The sketch production isn't incremental - there is no add(k) after building it once.

So you can't build add data once it is built, while the Bloom filters do support adding entries after the fact (in fact, it can add bloom filters into it, rather than sending all the new keys).

And both of those approaches are missing an unset operation.

2 comments

Sorry.. Forgot to mention that.

Yes insertion/deletion is required and the frequency may be higher. The exact usecase is that group membership is dependent on some conditions. We schedule this check every 15 minutes and based on it, we are adding/deleting the members.

Xor filters require all the members of the set be provided up front.

Bloom filters allow adding members, but not removing them.

Cuckoo filters allow removing members: https://www.cs.cmu.edu/~dga/papers/cuckoo-conext2014.pdf

And just for completeness, storing everything losslessly in a btree, radix tree, or hash table would probably be under 300 kB. (80 kB just for the IDs plus, say, an additional ~2x overhead.)

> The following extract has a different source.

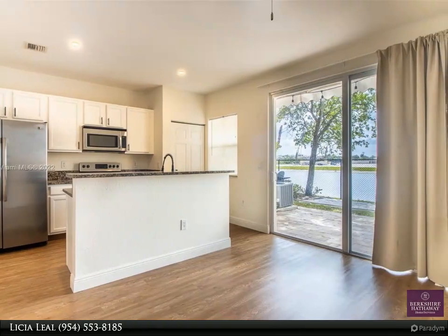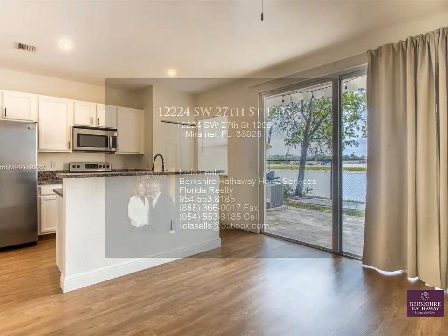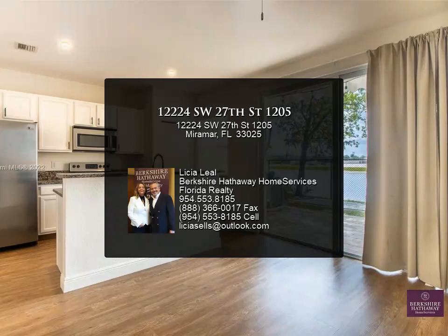No parking of commercial or work trucks and vehicles overnight. Read broker's remarks and see attachments.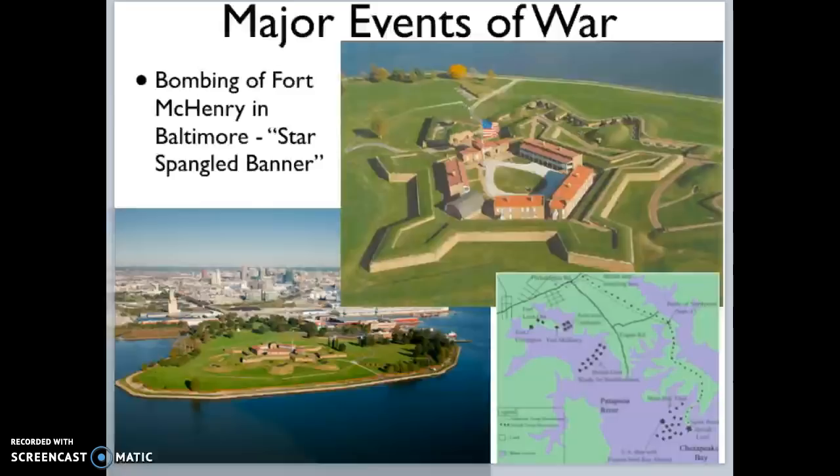In this lecture, we'll take a look at how the U.S. does not lose the War of 1812. There are several major events that happened during the War of 1812, and one of them is going to be the bombing of Fort McHenry, which you see here. Fort McHenry is in Baltimore, and the bombing of Fort McHenry leads to the writing of the Star Spangled Banner.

Safe removal is only possible if you know it is already in filter. The 'you can delete from cuckoo filters' bit I feel is often oversold.
Oh wow, I only read the paper's abstract and was fooled. Thanks for the correction.
You can use a counting Bloom Filter that allows deleting. Depending on your update requirements you might also be ok with two bloom filters, one for that has the group memberships and one that has group removals.
10k members every 15 minutes? Just rebuild it from scratch.
Or use a Cuckoo fiter.
> The sketch production isn't incremental - there is no add(k) after building it once.

Which means they can't be used for distributed set intersections, unions or cardinality estimations, a not insignificant side-benefit of bloom filters.